I agree with half of that. The half that says that most exceptions thrown from l...

rmanolis · on Dec 6, 2024

No, you don't need to just log and return 500, you can make the software to handle these kind of errors.

You could make the software call the system administrator and return a message to the user "Try again in an hour, the system administrator is fixing it now"

Or if it is a timeout, the software will call amazon to buy a new machine to scale the database and send a message to the user "Try again in an hour until we scale the system".

Developer's job is to automate error handlers and not be the error handlers.

If you can see the stack trace tree, then you can plan far ahead, but to do that we need to destroy this "agile" mindset, that is always in a hurry and doesn't let you to think that far ahead.

tharkun__ · on Dec 6, 2024

    you can make the software to handle these kind of errors.

No you can not do this in all cases and I described multiple cases in my comment already in which you can't reasonably do anything automatic. Let me explain.

    You could make the software call the system administrator

But why would I do that for every `StatementTimeoutException` at every moment of the night and why do I need to bake that into my error handling? That isn't actually handling the error.

    "Try again in an hour, the system administrator is fixing it now"
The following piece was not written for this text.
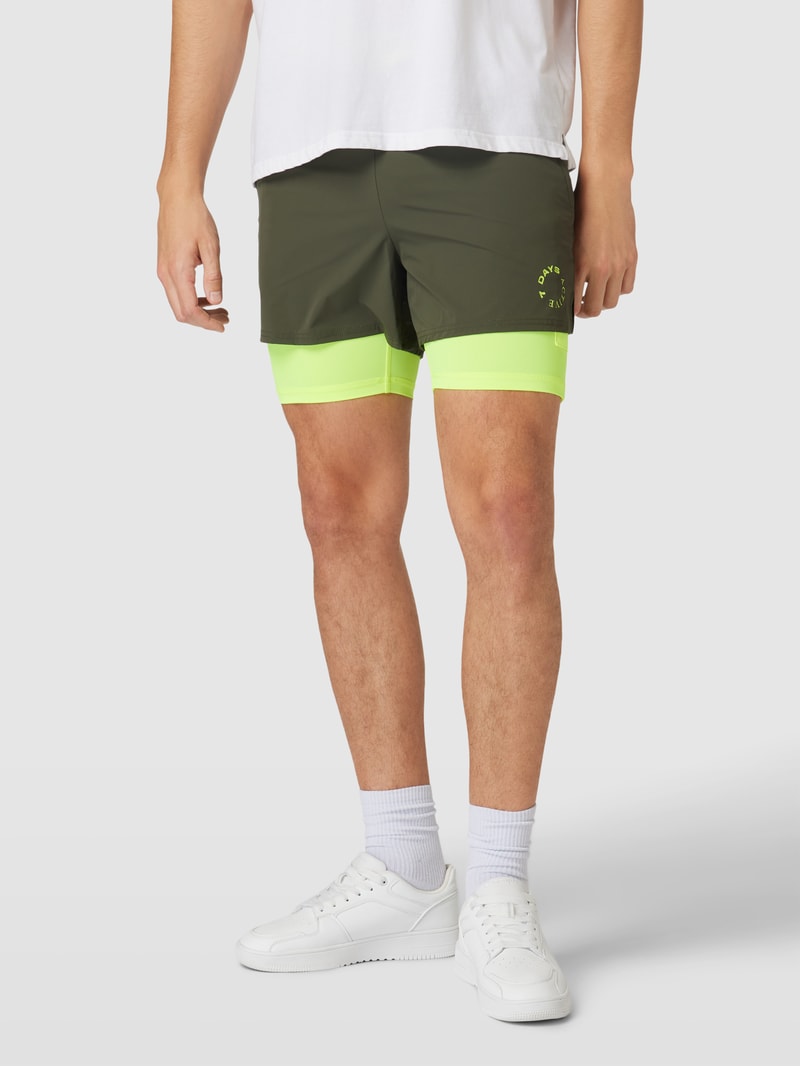Shorts mit Tunnelzug Modell 'Training' in olivgrün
Please never ever do this to either your users, who may believe it or you "system administrators" who do value their sleep or have other more pressing matters to attend to.

    Or if it is a timeout, the software will call amazon to buy a new machine to scale the database

I described a case in which automatically adding resources would actually be wrong in that it would completely mask the actual problem, which is that the developer did not think about the access patterns of the software they wrote enough and did not add the right index to the database. If you keep scaling your database automagically you'll pay AWS until you run out of money and have not solved anything. Believe me, a missing index can eat up a lot of resources before anything gets better. And until then your software will just keep failing and keep adding resources. And in this case it won't help at all because your new machine will not even be used by the query. It'll still only be one node handling your read and that is constrained by actually reading data from the disk and that's super slow because you forgot the index!

    Developer's job is to automate error handlers and not be the error handlers.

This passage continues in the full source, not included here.